The fair-haired one flushed a delicious shade of sunburn. “Hi,” he said.
She wasn’t impressed. Cute but not exactly articulate.
“Beautiful dress,” said the other man, the actor. He added a leer to give it emphasis.
Oh come on, was that as good as they could do?
“I’m Sophia,” she said.
“We know,” the surfer said. His Australian lilt should have charmed her, but she had to stop herself from rolling her eyes.
“We were hoping to meet you,” the actor said. “Came here for that very reason, in fact. Had to wait in line for an hour to get into this part of the club.”
Instead of pleasing her, she found the information nauseating. What was she, a new iPhone? A shiny trinket to brag about online? Would they expect photographs with the famous object for proof of purchase to impress their friends, the
world?
She looked away and took a deep breath. This wasn’t their fault. They were gorgeous, sexually vital creatures who were looking to satisfy their needs, just as she was. Just as she’d done many, even countless, times in the past.
Attitude determinedly restored, she turned back to the men. “My limo is waiting downstairs. Feel like going for a ride?”
They glanced at each other like two teenage girls about to break curfew and crash a frat party, weighing the payoff against the danger.

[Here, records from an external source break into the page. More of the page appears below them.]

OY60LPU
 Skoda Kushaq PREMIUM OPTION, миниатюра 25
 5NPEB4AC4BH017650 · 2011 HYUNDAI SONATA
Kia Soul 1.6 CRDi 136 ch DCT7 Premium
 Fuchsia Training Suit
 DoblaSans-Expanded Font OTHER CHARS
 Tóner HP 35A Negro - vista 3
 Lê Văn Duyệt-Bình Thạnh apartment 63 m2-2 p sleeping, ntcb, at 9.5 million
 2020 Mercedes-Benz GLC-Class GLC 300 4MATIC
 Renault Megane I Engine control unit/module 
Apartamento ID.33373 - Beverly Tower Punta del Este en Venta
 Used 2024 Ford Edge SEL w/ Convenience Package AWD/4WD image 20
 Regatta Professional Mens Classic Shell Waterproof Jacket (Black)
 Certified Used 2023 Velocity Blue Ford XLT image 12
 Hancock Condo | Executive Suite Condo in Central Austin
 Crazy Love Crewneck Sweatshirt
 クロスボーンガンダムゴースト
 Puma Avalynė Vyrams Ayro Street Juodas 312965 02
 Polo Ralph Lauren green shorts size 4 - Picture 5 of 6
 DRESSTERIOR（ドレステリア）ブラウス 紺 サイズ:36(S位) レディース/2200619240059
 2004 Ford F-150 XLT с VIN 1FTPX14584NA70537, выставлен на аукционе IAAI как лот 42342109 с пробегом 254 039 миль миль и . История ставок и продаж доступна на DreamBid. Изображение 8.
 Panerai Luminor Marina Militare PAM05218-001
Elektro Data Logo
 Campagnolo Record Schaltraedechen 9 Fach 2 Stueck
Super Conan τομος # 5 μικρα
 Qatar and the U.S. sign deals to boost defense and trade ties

“Absolutely,” the actor said first.
“Oh yeah,” the surfer agreed.
She pivoted on her heel and headed for the public elevator, not even bothering to look behind her and confirm they were following. Honestly, she didn’t much care. Somebody would follow her. Other men had noticed her arrival and were enviously watching her progress with these two men. If they chickened out, others would accept the challenge.
She jabbed the elevator call button.
Once, a man had said no. Right here at this elevator. He’d looked as hungry as the rest of them did, but something had stopped him.
She clenched her fists. She wouldn’t think about Zach. When the elevator arrived, she put an arm around each of the men’s waists and escorted them onto the car, bumping her hips against theirs, piercing them with sexually suggestive looks.
Doing anything to make herself feel something.
When the doors closed, the actor slid a hand under the slit in her dress, over her thigh, far enough for his fingers to graze her pussy, and squeezed.
Before she knew what she was doing, she’d decked him.
Zach stared at his bank balance. He should be smiling.
He wasn’t.
It had been a week since his departure from Montana, and he was still processing everything he’d been through. LupiNex had, indeed, given him a generous settlement. He never, ever needed to work. Being idle wasn’t in his nature—even his new, primal nature. Boredom was a kind of illness, Zach succumbing every day he had nothing to do.
And while boredom never actually killed anyone, it could cripple.
Sam had made it clear that if he wanted his old job back, he could have it. While Zach doubted she possessed the authority to make that decision, he found it intriguing. Asher Stanton would love to have Zach back at work, he was sure. Back at LupiNex, under surveillance he could monitor via his brother Gavin.